Cover of NACTO paper.

The types of wheeled-vehicles used for getting around on our streets these days are very different than they were a decade or so ago. Bike lanes aren’t just used by people on regular bikes anymore: take a look at who’s using Portland’s bike infrastructure and you’ll see all kinds of devices, from Lime e-scooters to large cargo bikes, and even electric one-wheelers.

But as transportation technology has rapidly evolved, bikeway design has largely stayed the same. A new working paper from the National Association of City Transportation Officials (NACTO), Designing for Small Things With Wheels,” offers tips for city planners looking to bring bike infrastructure into the new era of micromobility.

“Rapid growth in cargo bikes and trikes for deliveries and family transportation means that many devices in a bikeway are wider, longer, and have larger turning radii than typical bikes,” the paper states. “E-scooters have smaller wheels than bicycles and handle surfaces, bumps, grates, and gradients differently than devices with larger tires.”

Some people may ask if people riding all these newfangled devices be allowed in the bike lanes at all. Yes, the NACTO paper says: even if an e-bike or scooter can travel faster than a regular one, the person riding it is still vulnerable to car traffic. Design improvements can make it so everyone can travel safely without competing for space.

“In most cases, bike lanes are the best, safest, and most comfortable place for people using the wide array of (often electrified) small things with wheels,” the paper states. “To ensure bikeway design is inclusive of all potential riders — regardless of which wheeled device they ride — designers need to accommodate more people using bikeways with higher speed and size differentials.”

The paper comes up with four key areas where “updated design thinking” is required to accommodate the new breadth of vehicle types: lane width, intersections and driveways, surfaces and gradients, and network legibility.

Lane width

Biking speed varies substantially from person to person, and as electric devices grow in popularity, the range of speeds you might see people using in a bike lane is also expanding. How can we make sure all of those people are able to travel safely?

One key way is to address lane width so people can pass each other comfortably in bike lanes, even if they’re riding bigger devices like cargo trikes.
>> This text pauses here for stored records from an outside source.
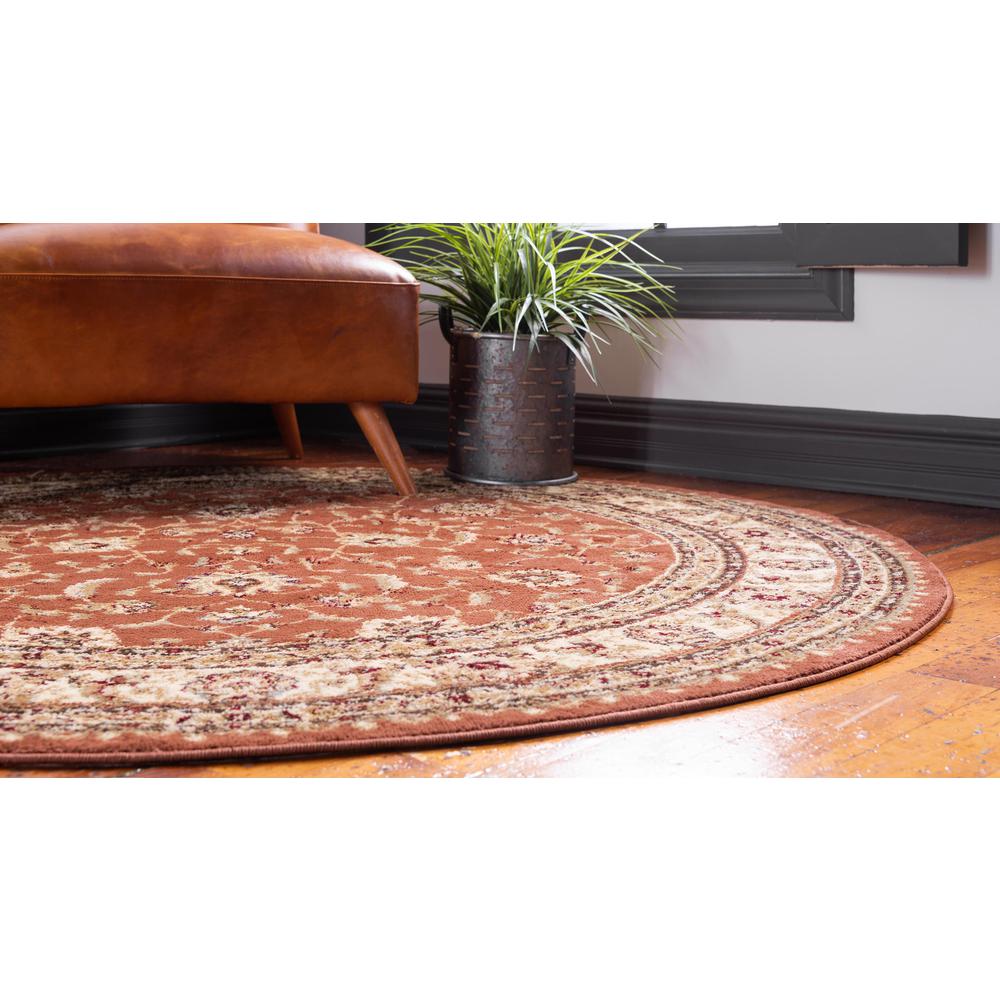 St. Louis Voyage Rug, Terracotta (6' 0 x 6' 0). Picture 4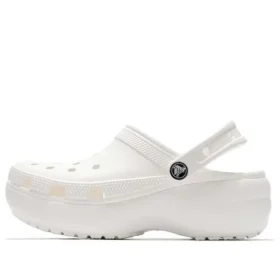 Classic Clog Clouds Retro-strandsko Vit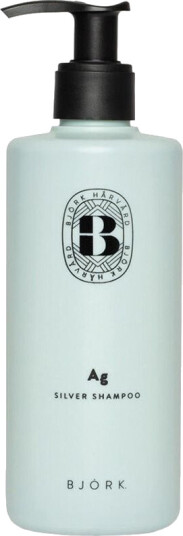 Björk Ag Silver Shampoo 750ml - Lilla sjampo for blondt og grått hår, vegan Björk Ag Silver Shampoo 750ml - Lilla sjampo for blondt og grått hår, vegan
“Wider bikeways can more comfortably accommodate the increase in passing events and the increase in side-by-side riding that comes with higher bike volumes,” the paper states. “Wider protected bike lanes are especially important for children and caregivers, side-by-side riders, people using adaptive devices, and people moving goods.

The paper provides a step-by-step method for determining necessary lane widths, which differs for one-way and two-way bikeways. Ultimately, these calculations will vary depending on who a planner determines is using the bike lanes, but the paper suggests considering the widest device people will use to determine the passing space width and making sure to consider the different between the marked width of a bikeway on paper and actual bikeable width. (Remember the “shy distance”: the “unrideable surface next to a vertical object” because it’s too close to a wall, curb, gutter, etc.)
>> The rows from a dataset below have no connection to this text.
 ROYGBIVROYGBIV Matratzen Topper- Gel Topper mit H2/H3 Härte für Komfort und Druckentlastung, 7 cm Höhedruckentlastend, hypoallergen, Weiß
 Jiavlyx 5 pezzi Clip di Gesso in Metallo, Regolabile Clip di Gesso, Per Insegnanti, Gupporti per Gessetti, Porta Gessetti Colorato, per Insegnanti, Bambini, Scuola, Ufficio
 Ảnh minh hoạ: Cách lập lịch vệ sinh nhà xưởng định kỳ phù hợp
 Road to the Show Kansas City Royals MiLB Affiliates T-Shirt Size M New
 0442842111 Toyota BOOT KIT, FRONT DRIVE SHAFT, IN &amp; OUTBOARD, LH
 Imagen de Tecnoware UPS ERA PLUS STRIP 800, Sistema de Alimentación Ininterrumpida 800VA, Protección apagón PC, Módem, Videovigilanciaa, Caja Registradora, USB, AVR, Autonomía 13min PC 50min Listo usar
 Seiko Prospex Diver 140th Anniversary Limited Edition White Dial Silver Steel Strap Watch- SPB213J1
Using these guidelines, a one-way bike lane accommodating cargo bikes should be 7.5-8.5 feet wide — doubled for a two-way lane. This is quite a bit wider than some of Portland’s bike lanes, including the two-way bikeway on Naito Parkway, which has seven feet of space in each direction.

If there isn’t enough space along the entire bikeway, NACTO suggests ways to make do: “along all facilities, look for opportunities to provide and designate wider passing areas. Uphill passing opportunities can be especially beneficial along facilities where people use devices with and without electric assistance.”

Intersections and driveways

(Source: NACTO, Don’t Give Up at the Intersection)

Good intersection design is crucial for making sure interactions between people on micromobility devices and people in cars go smoothly. With new sets of wheels in the picture, planners have different considerations to make. The NACTO paper gives three recommendations for designing intersections and driveways, which are to:

  • “Design enough space for people to wait at intersections” to avoid overcrowding and conflict between pedestrians, bikeway users and motor vehicle traffic, and provide an obvious safe place to wait so people don’t “spill into a crosswalk be forced to wait very close to motor vehicle traffic.”
  • “Allow turning maneuvers and lane shifts at appropriate operating speeds” and make sure turning radii at intersections are “maneuverable by all devices operating in the bikeway.”
  • “Ensure visibility of all bikeway users at intersections and driveways,” which varies “based on motor vehicle speed, driver expectations, and bikeway speeds.” People riding faster devices in the bikeways “necessitate longer sight distances so turning drivers can see approaching riders in time to slow, yield, or stop completely.”

Surfaces and gradients

With different sets of wheels come different on-pavement experiences. Things that might be okay to someone riding a regular bike may be insurmountable to someone on a skateboard or scooter with a set of small, dense wheels that don’t absorb shock well. (And honestly, the people on bikes will appreciate smoother surfaces, too.)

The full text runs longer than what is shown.